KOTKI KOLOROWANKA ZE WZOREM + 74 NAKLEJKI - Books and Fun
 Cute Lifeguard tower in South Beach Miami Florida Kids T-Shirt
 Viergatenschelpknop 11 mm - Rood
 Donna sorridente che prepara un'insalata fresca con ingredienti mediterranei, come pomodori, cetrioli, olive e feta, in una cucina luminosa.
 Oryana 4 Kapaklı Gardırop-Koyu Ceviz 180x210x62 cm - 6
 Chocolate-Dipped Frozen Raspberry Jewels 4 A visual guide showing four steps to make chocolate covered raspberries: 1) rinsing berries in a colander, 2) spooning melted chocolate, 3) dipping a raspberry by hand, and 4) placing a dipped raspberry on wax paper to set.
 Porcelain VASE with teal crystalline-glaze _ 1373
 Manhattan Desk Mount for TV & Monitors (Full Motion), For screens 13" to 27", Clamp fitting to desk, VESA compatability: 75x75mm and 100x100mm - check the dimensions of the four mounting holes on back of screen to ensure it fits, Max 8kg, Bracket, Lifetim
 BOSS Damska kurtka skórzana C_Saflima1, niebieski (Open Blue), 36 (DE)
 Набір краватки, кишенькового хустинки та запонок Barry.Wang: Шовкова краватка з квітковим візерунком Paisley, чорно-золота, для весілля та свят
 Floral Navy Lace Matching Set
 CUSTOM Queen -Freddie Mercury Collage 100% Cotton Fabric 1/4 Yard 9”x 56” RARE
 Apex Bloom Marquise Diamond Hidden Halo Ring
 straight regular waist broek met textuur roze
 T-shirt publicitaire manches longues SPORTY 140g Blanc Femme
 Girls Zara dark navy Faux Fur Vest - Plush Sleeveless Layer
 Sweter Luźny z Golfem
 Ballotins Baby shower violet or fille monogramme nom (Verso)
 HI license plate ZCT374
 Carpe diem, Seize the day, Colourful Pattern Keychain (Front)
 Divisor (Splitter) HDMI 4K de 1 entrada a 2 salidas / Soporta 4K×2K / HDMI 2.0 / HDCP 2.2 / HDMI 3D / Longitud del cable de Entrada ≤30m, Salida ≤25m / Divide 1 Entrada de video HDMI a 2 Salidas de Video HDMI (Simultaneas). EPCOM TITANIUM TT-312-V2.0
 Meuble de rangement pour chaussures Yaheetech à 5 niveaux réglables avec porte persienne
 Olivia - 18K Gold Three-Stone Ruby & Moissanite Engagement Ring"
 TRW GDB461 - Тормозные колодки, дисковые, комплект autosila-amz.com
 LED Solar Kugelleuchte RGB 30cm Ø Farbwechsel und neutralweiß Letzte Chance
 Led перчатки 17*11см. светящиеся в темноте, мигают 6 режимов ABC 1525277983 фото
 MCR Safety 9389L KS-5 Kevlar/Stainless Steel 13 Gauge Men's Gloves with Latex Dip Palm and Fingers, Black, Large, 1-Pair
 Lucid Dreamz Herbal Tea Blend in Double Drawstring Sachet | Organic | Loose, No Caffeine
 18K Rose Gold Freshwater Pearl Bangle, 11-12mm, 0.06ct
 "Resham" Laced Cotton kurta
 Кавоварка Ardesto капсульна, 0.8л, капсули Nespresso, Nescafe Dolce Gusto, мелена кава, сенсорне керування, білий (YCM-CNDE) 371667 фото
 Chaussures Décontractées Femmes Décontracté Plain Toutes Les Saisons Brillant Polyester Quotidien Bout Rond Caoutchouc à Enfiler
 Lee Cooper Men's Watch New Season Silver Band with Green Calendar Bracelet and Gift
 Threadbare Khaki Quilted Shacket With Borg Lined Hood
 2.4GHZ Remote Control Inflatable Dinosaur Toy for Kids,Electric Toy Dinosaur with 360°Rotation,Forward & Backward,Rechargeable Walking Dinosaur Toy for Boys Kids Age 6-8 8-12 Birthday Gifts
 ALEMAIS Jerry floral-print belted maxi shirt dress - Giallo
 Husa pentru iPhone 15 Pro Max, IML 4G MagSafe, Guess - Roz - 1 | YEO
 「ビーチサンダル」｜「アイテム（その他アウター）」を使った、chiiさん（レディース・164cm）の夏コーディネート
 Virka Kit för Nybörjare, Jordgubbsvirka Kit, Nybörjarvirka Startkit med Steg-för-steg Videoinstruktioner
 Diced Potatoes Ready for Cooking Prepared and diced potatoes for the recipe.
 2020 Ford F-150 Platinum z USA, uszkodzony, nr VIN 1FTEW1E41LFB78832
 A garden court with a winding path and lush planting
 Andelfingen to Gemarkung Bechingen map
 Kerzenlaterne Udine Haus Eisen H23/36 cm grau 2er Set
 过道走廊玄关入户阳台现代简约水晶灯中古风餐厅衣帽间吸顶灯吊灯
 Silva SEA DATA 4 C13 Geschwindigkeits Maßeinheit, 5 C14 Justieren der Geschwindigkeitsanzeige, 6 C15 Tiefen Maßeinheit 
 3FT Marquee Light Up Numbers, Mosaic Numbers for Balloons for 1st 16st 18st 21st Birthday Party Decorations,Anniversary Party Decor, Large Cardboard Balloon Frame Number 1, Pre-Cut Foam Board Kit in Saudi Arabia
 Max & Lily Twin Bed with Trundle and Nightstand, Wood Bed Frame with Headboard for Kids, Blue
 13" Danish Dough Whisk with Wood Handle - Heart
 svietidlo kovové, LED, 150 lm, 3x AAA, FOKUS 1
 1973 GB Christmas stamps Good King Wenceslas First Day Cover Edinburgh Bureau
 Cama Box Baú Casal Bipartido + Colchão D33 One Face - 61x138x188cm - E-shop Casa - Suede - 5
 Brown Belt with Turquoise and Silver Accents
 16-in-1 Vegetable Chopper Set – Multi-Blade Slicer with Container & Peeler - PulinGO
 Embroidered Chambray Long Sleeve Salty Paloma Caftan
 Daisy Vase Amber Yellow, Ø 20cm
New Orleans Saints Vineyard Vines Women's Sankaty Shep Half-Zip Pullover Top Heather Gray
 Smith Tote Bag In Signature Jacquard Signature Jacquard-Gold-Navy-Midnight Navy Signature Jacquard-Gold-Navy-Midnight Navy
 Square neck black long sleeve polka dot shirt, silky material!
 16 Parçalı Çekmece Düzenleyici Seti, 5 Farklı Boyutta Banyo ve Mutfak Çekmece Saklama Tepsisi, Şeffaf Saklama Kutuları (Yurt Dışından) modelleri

******************************

Restate word for word the entries above, starting at the line with "ALEMAIS Jerry floral-print" and ending at the line with "A garden court", inclusive, and no others.

# Problem solution
 ALEMAIS Jerry floral-print belted maxi shirt dress - Giallo
 Husa pentru iPhone 15 Pro Max, IML 4G MagSafe, Guess - Roz - 1 | YEO
 「ビーチサンダル」｜「アイテム（その他アウター）」を使った、chiiさん（レディース・164cm）の夏コーディネート
 Virka Kit för Nybörjare, Jordgubbsvirka Kit, Nybörjarvirka Startkit med Steg-för-steg Videoinstruktioner
 Diced Potatoes Ready for Cooking Prepared and diced potatoes for the recipe.
 2020 Ford F-150 Platinum z USA, uszkodzony, nr VIN 1FTEW1E41LFB78832
 A garden court with a winding path and lush planting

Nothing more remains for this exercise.